Он передвигает лестницу от панели доступа к двигателю – к кабине пилота, и забирается в кресло, много лет назад сливавшееся с его телом. Душу греют знакомые запахи металла и резины. Он закрывает глаза и вспоминает пронизанную яркими вспышками ночь, внезапный проблеск извергающегося топлива, безумную погоню, когда он, несясь на сверхзвуковой скорости, мчался и петлял среди холмов и долин Озарка, как легавые сидели у него на хвосте, когда он так рвался домой…
Его первая дельта называлась «Полуночное солнце», но разобравшись, что же происходит на самом деле, Ковбой сменил название корабля. Он, как и другие дельтажокеи, появился не потому, что так «порешал рынок», а потому, что они были воплощением настоящего мифа. Они доставляли почту через высокий купол ночи – пусть угнетатели и стремились этому воспрепятствовать. Они поддерживали пылающий в темноте свет, становясь надеждой цвета форсажного пламени. Они были последними свободными американцами, вышедшими на большую дорогу.

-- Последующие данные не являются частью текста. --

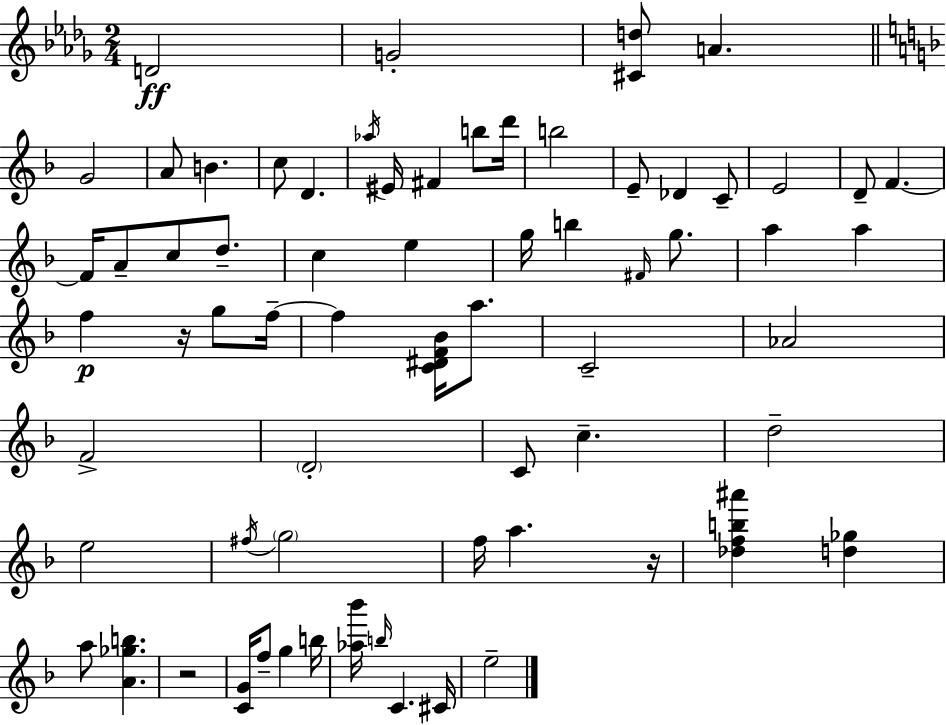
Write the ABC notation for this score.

X:1
T:Untitled
M:2/4
L:1/4
K:Bbm
D2 G2 [^Cd]/2 A G2 A/2 B c/2 D _a/4 ^E/4 ^F b/2 d'/4 b2 E/2 _D C/2 E2 D/2 F F/4 A/2 c/2 d/2 c e g/4 b ^F/4 g/2 a a f z/4 g/2 f/4 f [C^DF_B]/4 a/2 C2 _A2 F2 D2 C/2 c d2 e2 ^f/4 g2 f/4 a z/4 [_dfb^a'] [d_g] a/2 [A_gb] z2 [CG]/4 f/2 g b/4 [_a_b']/4 b/4 C ^C/4 e2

И эти знания стали его жизнью. Он принял это полупрезрительное, снисходительное прозвище, которое дали ему остальные, он жил этим, он стал Ковбоем, воздушным жокеем. И перестал откликаться на другое имя. Стал лучшим. Поднялся в сферы, недоступные более никому. И свою следующую дельту он назвал «Пони Экспресс». И доставлял почту на нем столько, сколько это было возможно. А потом времена изменились. И с ними – способы доставки. Он стал каким-то мальчишкой, а не жокеем. Глаза, раньше напряженно вглядывались в ночную тьму, высматривая инфракрасную сигнатуру легавых, патрулирующих в боевых машинах над прерией, теперь разглядывают крошечную бронированную кабину, и все, что он видит, – пульты управления. Он по-прежнему лучший, по-прежнему доставляет почту. Он ерзает на своем сиденье. Кантри-свинг затихает, и в глухой тишине Ковбой слышит лишь жужжание токарного станка Уоррена. И чувствует беспокойство, которому нет названия…
Глава 2
СЕГОДНЯ/ДА
Тела вспыхивают и гаснут среди вспышек лазеров: вот – полупрозрачный блеск глаз, подведенных темно-красной тушью или вскинутых к скрытым за звездно-блестящим потолком небесам; вот – электрические волосы, на которых пляшут модные статические разряды; вот – бело-голубое свечение зубов, окаймленных темным пламенем и пронзенных вытянутым вперед языком. Танцплощадка открыта для всех. Музыка громкая и зажигательная, но многие из присутствующих на танцполе пляшут под музыку, слышимую лишь им, подаваемую на кристаллы, деликатно подключенные к слуховым нервам, а то и вовсе трясутся под звуки, доносящиеся из наушников, ловящих любой из двенадцати каналов бара… Люди аритмично дергаются, не обращая друг на друга никакого внимания. Требуется идеальный контроль, но случаются и несчастные случаи – столкновения, шквал ударов кулаками и локтями – и очередной несчастный выползает с танцпола, скуля и прижимая к груди окровавленную руку, совершенно незаметный для неистовой толпы. Танцоры в «Aujourd’Oui» кажутся Саре подергивающейся массой гибнущей плоти, окровавленной, бесчувственной, смертной. Скованной оковами земного праха. Они – мясо. Она охотник, и Ласка ей верна как никогда.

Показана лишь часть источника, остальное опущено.